**Exercise objective**. Set down exactly the lines running from the one with "Norwich Apartment |" to the last line of the listing below, both included, and skip every picture.
━━ Stored data
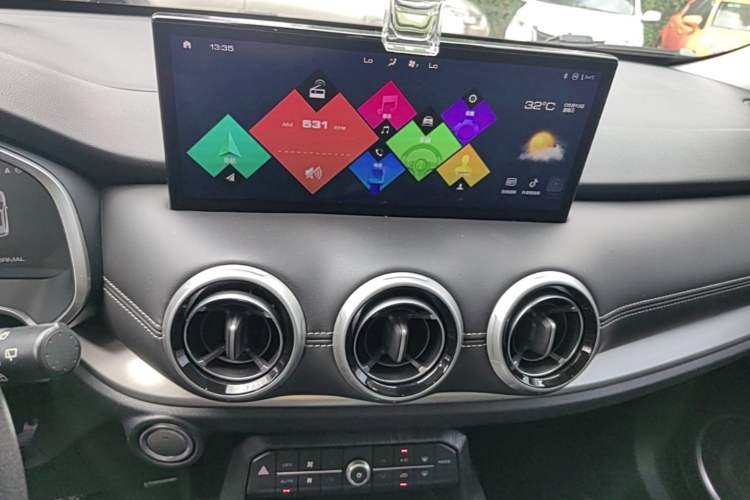 Used Wey VV6 2020 2.0T Two-Wheel Drive Smart Protection+ Audio And AC Panel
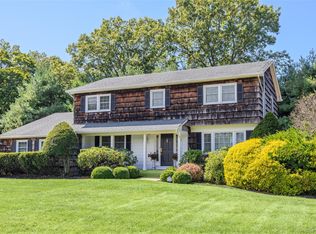 21 View Rd, Setauket, NY 11733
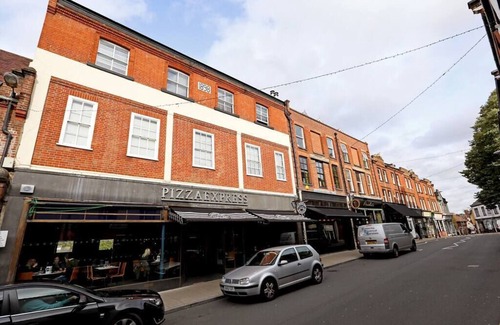 Norwich Apartment | Elegant Norwich Apartment in The Lanes w/Parking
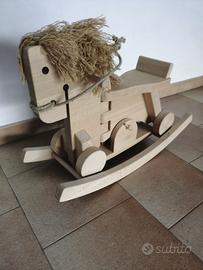 CAVALLO  DONDOLO e RUOTE in LEGNO MASSICCIO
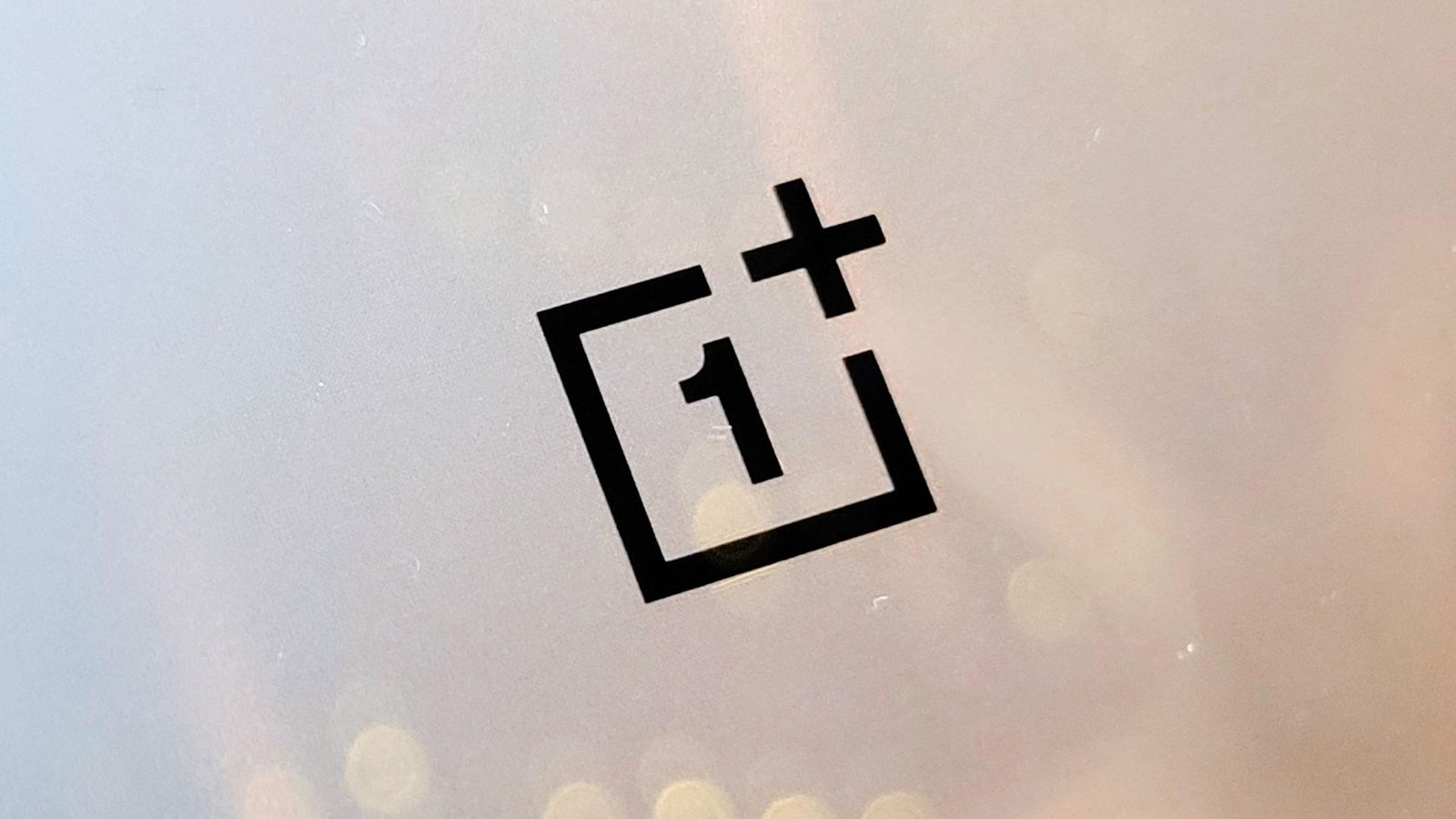 OnePlus might be bringing metal unibody phones back, and it looks weird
━━━━
**Answer section**.
 Norwich Apartment | Elegant Norwich Apartment in The Lanes w/Parking
 CAVALLO  DONDOLO e RUOTE in LEGNO MASSICCIO
 OnePlus might be bringing metal unibody phones back, and it looks weird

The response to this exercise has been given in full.